* _Instructions for the task_
Retype exactly every line from the one that includes "UGG春季男士簡(jiǎn)" through the final line of the listing, both ends kept, and omit the pictures.

* _Information provided_
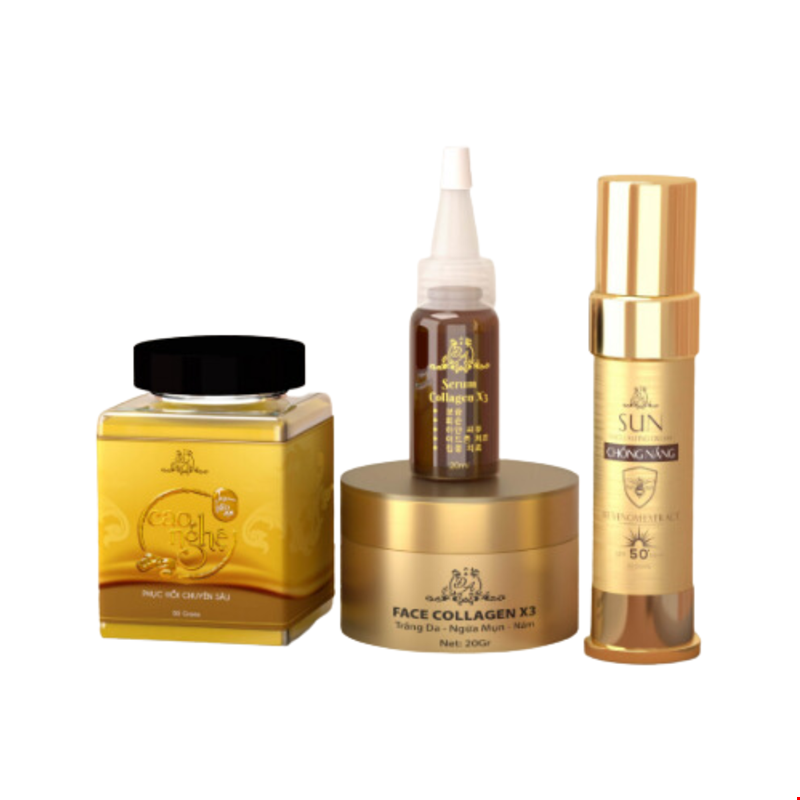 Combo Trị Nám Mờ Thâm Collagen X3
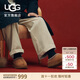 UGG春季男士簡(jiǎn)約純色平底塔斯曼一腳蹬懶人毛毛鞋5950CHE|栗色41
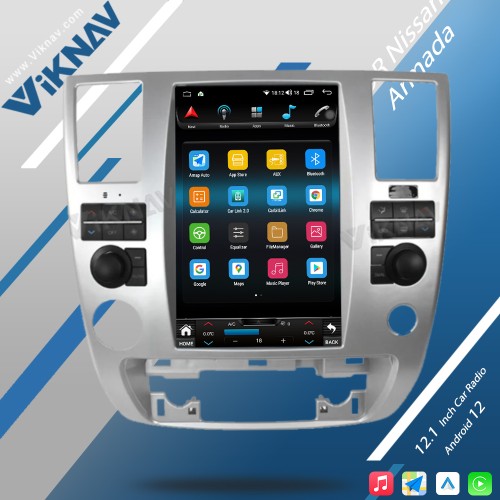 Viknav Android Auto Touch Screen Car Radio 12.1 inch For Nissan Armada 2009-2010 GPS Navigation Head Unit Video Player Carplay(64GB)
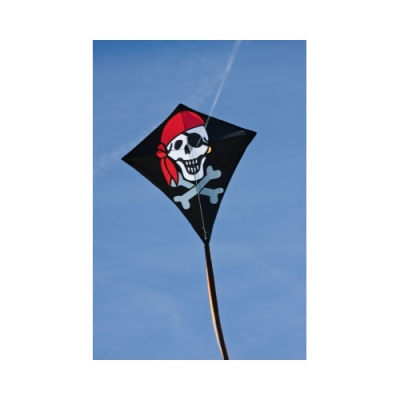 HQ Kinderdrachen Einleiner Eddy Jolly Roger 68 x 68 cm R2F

* _Problem solution_
 UGG春季男士簡(jiǎn)約純色平底塔斯曼一腳蹬懶人毛毛鞋5950CHE|栗色41
 Viknav Android Auto Touch Screen Car Radio 12.1 inch For Nissan Armada 2009-2010 GPS Navigation Head Unit Video Player Carplay(64GB)
 HQ Kinderdrachen Einleiner Eddy Jolly Roger 68 x 68 cm R2F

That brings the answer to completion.